A recent article written by Scott Amundson highlighted the New York City Economic Development Corp’s. ConnectNYC Fiber Challenge to address the so-called digital deserts in New York City. These are the buildings, neighborhoods, and areas within the largest city in the United States that have no fiber-based network services at all. These are real places that exist today and are, unfortunately, vast. They are dry spots on the major metropolitan landscape where barely any forms of innovation, creativity, or economic life can grow, flourish, and thrive.
The concept of a fiber drought anywhere in America, let alone in the middle of New York City, is shocking to many. The shocked have been deluged with the common, mass-market notion of a metropolis being advanced in all aspects. These people have been drenched in a downpour of misinformation that is a psychological camouflage for the actual dearth around us all. The blissful ignorance and lack of awareness of the disbelievers and generally oblivious does not change the fact that it is the truth. Just ask anyone trying to operate a business that requires reliable, high-speed network access and is in a building with no access to fiber.
Enlightenment is power. Once the light is on in ones’ mind it becomes difficult to not see everything for what it is. As the initial, fundamental truth is discovered with further thought it then leads to related, extrapolated, and compounding truths. Waking up to the reality that fiber brings economic growth necessitates the evaluation of where fiber is and is not presently available.
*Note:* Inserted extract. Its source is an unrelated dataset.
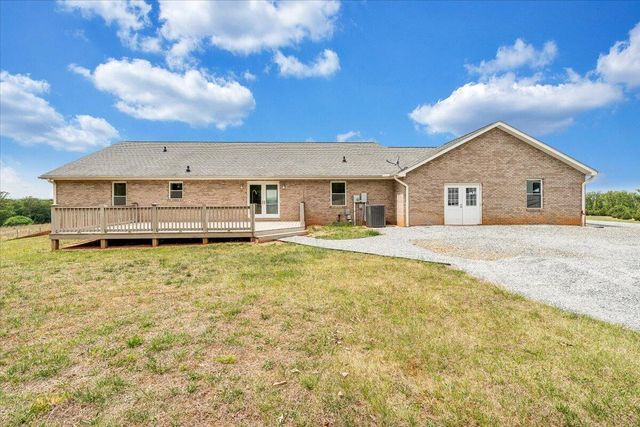 268 Sweetwater Bay DR, Penhook, VA 24137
This is the premise of the ConnectNYC Fiber Challenge.
The places where there is no fiber require a plan, investment and construction to bring fiber to them. The biggest challenge faced in trying to connect fiber optic cables to the city's businesses is physical access to the endpoints and the rights of way and costs associated with the process of finding and utilizing any existing physical assets and/or creating new paths. The three major components/impediments of physical access are the congestion of New York City's underground fiber optic conduit system, the points of entry into the buildings themselves, and the in-building riser to get to the actual business point of demarcation. The need for these elements, the system with laterals to the points of entry and the risers to the demarcation points, are a global constant.
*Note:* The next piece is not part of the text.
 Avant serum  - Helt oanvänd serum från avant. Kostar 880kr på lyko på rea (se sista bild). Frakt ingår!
If this is the case in New York City, then imagine the fiber drought conditions in every other city and all of the places in between in the U.S. If the U.S. economy is the size that it is presently with such conditions, then imagine what it would be with a plan to bring fiber everywhere it needs to go.
What this country needs is a ConnectAmerica Fiber Challenge! The need is known, and the reality is rising like the sun. The plan and its stakeholders, the businesses in America, must come together to bring fiber to all of the digital deserts, and this will spring economic life all throughout the land.